(Excerpts from a dataset)
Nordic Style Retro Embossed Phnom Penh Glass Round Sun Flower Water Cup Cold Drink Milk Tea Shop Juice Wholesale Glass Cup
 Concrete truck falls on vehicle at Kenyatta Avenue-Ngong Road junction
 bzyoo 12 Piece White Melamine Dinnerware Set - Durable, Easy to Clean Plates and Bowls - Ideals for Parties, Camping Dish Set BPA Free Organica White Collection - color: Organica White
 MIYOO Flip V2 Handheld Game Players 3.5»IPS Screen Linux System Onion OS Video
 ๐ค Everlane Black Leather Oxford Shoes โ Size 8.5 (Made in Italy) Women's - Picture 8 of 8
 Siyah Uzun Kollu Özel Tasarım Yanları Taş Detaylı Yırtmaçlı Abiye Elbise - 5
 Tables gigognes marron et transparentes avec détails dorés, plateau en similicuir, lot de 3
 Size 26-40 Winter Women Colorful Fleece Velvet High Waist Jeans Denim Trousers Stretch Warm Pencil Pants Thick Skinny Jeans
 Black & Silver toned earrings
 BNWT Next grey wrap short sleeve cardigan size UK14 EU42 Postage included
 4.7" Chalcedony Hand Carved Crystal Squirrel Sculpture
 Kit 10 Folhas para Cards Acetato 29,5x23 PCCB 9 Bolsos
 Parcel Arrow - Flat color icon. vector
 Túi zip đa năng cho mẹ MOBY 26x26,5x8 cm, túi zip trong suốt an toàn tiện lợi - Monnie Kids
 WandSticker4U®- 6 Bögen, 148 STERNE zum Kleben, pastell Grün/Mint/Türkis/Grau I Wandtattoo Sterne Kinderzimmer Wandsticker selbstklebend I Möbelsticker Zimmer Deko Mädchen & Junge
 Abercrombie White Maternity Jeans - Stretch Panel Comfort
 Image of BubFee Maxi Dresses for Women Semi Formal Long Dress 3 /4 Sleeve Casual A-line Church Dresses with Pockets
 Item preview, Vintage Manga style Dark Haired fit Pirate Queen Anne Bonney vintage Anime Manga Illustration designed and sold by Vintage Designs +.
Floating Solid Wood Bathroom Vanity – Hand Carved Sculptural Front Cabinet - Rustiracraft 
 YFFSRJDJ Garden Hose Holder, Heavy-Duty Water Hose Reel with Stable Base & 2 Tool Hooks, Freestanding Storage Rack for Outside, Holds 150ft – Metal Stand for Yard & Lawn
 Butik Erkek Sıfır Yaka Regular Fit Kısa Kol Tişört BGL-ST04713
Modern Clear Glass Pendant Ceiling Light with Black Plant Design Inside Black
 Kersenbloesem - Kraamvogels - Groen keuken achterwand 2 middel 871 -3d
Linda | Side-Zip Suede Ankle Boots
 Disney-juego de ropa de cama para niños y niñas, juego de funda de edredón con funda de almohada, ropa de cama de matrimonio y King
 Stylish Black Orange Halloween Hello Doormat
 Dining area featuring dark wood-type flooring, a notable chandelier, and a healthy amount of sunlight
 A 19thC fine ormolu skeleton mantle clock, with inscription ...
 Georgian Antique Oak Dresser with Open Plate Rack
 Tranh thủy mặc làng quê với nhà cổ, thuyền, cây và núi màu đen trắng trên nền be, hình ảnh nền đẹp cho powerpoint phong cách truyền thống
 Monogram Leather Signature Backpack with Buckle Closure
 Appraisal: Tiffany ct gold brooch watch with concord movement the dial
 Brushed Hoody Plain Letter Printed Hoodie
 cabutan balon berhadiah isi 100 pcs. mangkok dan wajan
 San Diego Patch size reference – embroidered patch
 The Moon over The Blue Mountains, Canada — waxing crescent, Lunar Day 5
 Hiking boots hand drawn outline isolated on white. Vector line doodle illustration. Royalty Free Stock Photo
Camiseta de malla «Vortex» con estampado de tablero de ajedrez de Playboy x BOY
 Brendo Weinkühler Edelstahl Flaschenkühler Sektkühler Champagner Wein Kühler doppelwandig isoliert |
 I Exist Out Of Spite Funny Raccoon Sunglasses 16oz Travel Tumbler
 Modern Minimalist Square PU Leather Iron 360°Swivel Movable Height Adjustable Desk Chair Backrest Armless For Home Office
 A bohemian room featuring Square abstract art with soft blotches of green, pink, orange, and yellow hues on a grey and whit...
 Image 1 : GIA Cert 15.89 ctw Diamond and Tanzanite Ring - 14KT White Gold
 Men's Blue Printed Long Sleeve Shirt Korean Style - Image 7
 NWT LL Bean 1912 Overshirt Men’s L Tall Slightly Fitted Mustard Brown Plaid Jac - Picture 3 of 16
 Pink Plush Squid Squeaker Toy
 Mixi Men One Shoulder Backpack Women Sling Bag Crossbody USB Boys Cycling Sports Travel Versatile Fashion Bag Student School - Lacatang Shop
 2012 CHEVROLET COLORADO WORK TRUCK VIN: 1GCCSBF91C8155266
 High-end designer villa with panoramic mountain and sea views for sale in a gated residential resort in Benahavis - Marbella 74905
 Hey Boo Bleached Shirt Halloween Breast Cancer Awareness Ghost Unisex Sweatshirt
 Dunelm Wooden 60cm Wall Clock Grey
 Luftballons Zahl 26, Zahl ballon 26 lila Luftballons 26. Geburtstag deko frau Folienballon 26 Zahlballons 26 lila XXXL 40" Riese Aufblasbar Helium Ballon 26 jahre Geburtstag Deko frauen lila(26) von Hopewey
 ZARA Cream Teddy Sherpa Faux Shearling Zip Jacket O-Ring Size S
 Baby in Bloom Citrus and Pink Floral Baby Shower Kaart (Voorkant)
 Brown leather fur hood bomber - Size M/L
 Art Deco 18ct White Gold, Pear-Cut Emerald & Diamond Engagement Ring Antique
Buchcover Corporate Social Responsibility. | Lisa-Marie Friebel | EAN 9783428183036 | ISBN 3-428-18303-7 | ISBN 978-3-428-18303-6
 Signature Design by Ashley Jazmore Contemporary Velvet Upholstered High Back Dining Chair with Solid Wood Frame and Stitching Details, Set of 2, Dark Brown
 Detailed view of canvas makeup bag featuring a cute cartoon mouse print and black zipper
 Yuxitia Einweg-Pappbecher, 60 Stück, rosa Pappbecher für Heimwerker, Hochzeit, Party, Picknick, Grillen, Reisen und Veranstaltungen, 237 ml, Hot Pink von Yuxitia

WHAT THE TASK REQUIRES: Could you give again exactly the lines from the line containing "Buchcover Corporate Social" through the final line of the data above, and no others?

RESULT OF THE TASK:
Buchcover Corporate Social Responsibility. | Lisa-Marie Friebel | EAN 9783428183036 | ISBN 3-428-18303-7 | ISBN 978-3-428-18303-6
 Signature Design by Ashley Jazmore Contemporary Velvet Upholstered High Back Dining Chair with Solid Wood Frame and Stitching Details, Set of 2, Dark Brown
 Detailed view of canvas makeup bag featuring a cute cartoon mouse print and black zipper
 Yuxitia Einweg-Pappbecher, 60 Stück, rosa Pappbecher für Heimwerker, Hochzeit, Party, Picknick, Grillen, Reisen und Veranstaltungen, 237 ml, Hot Pink von Yuxitia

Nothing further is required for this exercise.